El inventario criminal tampoco fue el fuerte de Sadam: no existen datos desde 1987. En el tanatorio de Bagdad aseguran que los muertos por bala en junio de 2002 fueron 10; un año después subieron a 470. El procónsul estadounidense en Irak, Paul Bremer, vincula la delincuencia a la amnistía decretada por Sadam en noviembre (más de 100.000 maleantes salieron a la calle) y no a la falta de previsión del invasor. El asesor (jefe) de la nueva policía iraquí, el norteamericano Bernard Karik, ex comisionado de la de Nueva York, culpa a bandas de fedayin. Otros crímenes son venganzas, como el del doctor Mohamend Alrawi, médico de Sadam, asesinado en agosto. Otros doctores que trataron al ex presidente ya no pasan consulta.

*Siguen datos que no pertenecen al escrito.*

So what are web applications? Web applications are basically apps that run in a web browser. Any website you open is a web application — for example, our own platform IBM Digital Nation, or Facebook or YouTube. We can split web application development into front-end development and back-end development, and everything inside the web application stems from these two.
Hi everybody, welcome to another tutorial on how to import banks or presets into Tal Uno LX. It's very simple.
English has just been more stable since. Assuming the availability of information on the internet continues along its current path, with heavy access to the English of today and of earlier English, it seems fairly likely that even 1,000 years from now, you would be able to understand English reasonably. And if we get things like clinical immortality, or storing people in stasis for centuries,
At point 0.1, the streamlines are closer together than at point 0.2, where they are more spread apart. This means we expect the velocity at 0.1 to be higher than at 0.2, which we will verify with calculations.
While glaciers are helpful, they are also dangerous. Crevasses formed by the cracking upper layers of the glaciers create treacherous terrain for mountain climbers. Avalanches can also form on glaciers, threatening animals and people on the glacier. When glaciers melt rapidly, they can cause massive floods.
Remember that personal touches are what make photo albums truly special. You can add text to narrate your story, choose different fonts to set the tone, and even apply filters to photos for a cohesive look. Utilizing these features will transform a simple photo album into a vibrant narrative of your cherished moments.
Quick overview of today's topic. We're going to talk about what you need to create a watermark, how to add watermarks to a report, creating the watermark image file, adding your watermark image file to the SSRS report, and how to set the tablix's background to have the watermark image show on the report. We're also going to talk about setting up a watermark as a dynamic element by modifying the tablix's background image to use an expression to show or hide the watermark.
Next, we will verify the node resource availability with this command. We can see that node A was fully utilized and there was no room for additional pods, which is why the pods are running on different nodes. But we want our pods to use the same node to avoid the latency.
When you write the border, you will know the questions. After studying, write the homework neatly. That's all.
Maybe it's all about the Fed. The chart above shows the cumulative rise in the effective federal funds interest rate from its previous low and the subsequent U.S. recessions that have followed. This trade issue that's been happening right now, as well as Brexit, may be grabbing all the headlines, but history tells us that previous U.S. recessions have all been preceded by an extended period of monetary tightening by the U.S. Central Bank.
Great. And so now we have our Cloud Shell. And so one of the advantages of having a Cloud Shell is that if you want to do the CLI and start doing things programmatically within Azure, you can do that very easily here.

Pero ni la familia de Petrus ni otras de la ciudad se acuerdan del perdón presidencial. Ni de la guerra. En Bagdad, la gente recuerda aterrada los primeros días de saqueos en los que miles de incontrolados asaltaron y robaron en ministerios, palacios, hospitales, museos, tiendas y casas. Las fuerzas militares ocupantes no impidieron el pillaje. Esa pasividad costó miles de millones y algo esencial: con ella se esfumó el prestigio del Ejército todopoderoso. Con una tropa equipada y entrenada para la guerra, el Estado desapareció.